Es ist Sommer 2014. Fast über Nacht gründen wir den Verein und spinnen Projektideen. Denn wir wollen den Gemeinschaftsgarten vor dem plötzlich geplanten Verkauf an private Bauherren „retten“ und langfristig als Garten in der Stadt erhalten.

Den konkreten urbanen Freiraum, den der Garten in Zeiten der Stadtschrumpfung füllte, wollen wir nicht wieder hergeben. Wir wollen ihn ausbauen und anderen zur Verfügung stellen. Wir werden nicht weiterziehen auf eine Brache am Stadtrand!

Aus dem ersten Projektflyer des Stadtgarten H17, 2014

Unser Flyer von damals macht deutlich: Wir waren nicht bereit aufzugeben, was wir aufgebaut hatten. Nur weil es nicht mehr nötig schien, dass „kreative Akteure“ Brachflächen bespielen, um das Stadtviertel „aufzuwerten“, weil sich das Verwertungsrad ein Stück weiter gedreht hatte. Die Stadt wuchs jetzt nach einer langen Zeit der Schrumpfung wieder.

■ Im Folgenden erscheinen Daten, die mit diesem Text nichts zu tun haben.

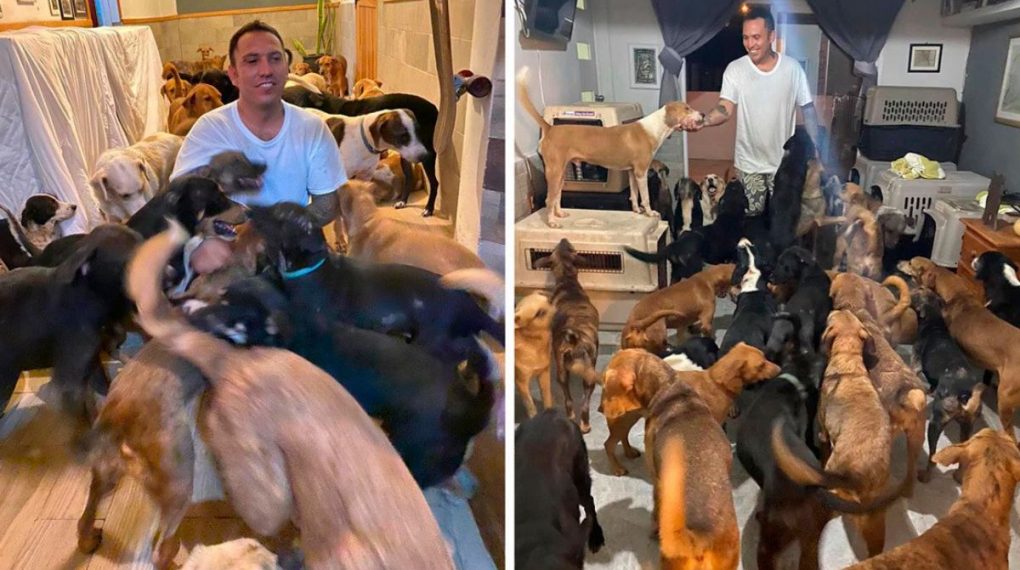 Ejemplo a seguir. Un mexicano protege a más de 300 animales del huracán Delta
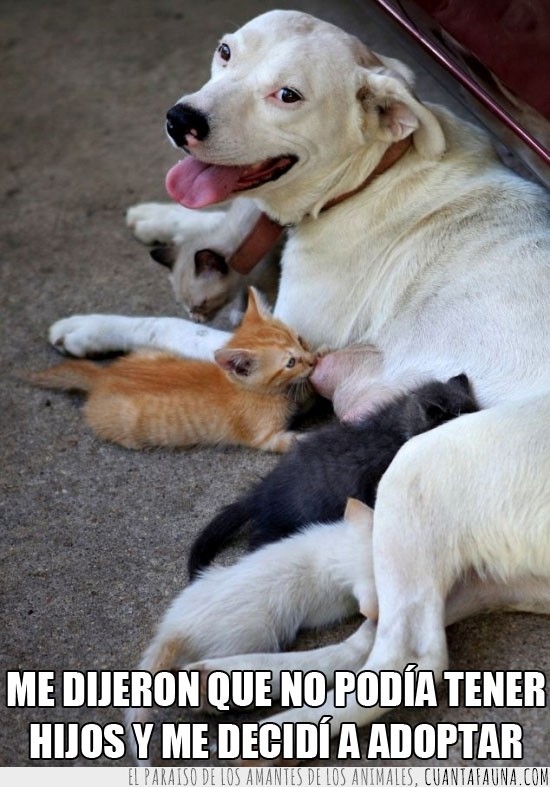 perra,mamar,gatitos,bebe,cachorros,amor,tierno,adoptar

Leipzig „boomte“ und Freiflächen mitten in der Stadt wurden teurer und lukrativer.

Und auch wir dachten jetzt groß. Wir wollten nicht nur den Gemeinschaftsgarten erhalten, sondern gleich ein ganzes F r e i r a u m syndikat gründen, das dem Mietshäusersyndikat ähnlich, dem Immobilienmarkt Grundstücke entziehen, kollektivieren und gegen Reprivatisierung absichern sollte.

Denn Orte für alternative Handlungs- und Wirtschaftsformen sind innerhalb der kapitalistischen Konsumgesellschaft längst schon rar. In einer wachsenden Stadt wird freier Raum noch knapper und das Ende vieler Zwischennutzungen deutet sich an. Deshalb müssen neue, dauerhafte Konzepte her, um Freiräume zu erhalten, neu zu schaffen und unabhängig von Marktmechanismen zu machen.

Aus dem ersten Projektflyer des Stadtgarten H17, 2014

Und dann trafen wir beim Flyer drucken im Copy-Shop zufällig Menschen mit Flyern eines geplanten Wagenplatz-Syndikats. Schnell kam die Idee auf das Freiraumsyndikat über Gärten hinaus, für verschiedene „Freiflächen“-Nutzungen zu öffnen und das Flächen-Syndikats-Projekt gemeinsam weiterzuspinnen…

Das Freiraumsyndikat (FRS) will dauerhaft solidarisches und selbstbestimmtes Leben, Wohnen und Arbeiten ermöglichen und Freiräume für alltägliche Solidarität und politisches Handeln schaffen. Menschen, die gemeinschaftlich eine Fläche nutzen, sollen dies selbstbestimmt tun können. […] Die Lösung besteht in der kollektiven Aneignung von Flächen. Die einzelne Projekt-Gruppe gründet einen Projektverein, der ein Gelände kauft. […] Mit dem Freiraumsyndikat soll ein Zusammenschluss entstehen, der die Projektgruppen in mehrfacher Hinsicht unterstützt:

1) Absicherung gegen Reprivatisierung
In Gründungsinitiativen wird meist idealistisch gehandelt. Wer das Gelände 10 oder 20 Jahre später nutzen wird und welche Ziele diese Menschen dann verfolgen werden, lässt sich aber nicht vorhersagen. Eine Reprivatisierung durch Verkauf der Fläche wäre dann möglich. Um das zu verhindern, werden die beteiligten Projekte mit ihren Flächen Mitglieder im FRS. […]

Freiraumsyndikats-Flyer des Stadtgarten H17 e.V.

Das so geplante Freiraumsyndikat ist dann doch nicht entstanden (obwohl wir die Idee immer noch gut finden!). Wer sich für solche Ideen und Konzepte interessiert, ist vielleicht beim Haus- und WagenRat e.V. richtig. Der Erhalt des Stadtgartens ist aber geglückt, ihr findet ihn weiterhin in der Hähnelstraße 17.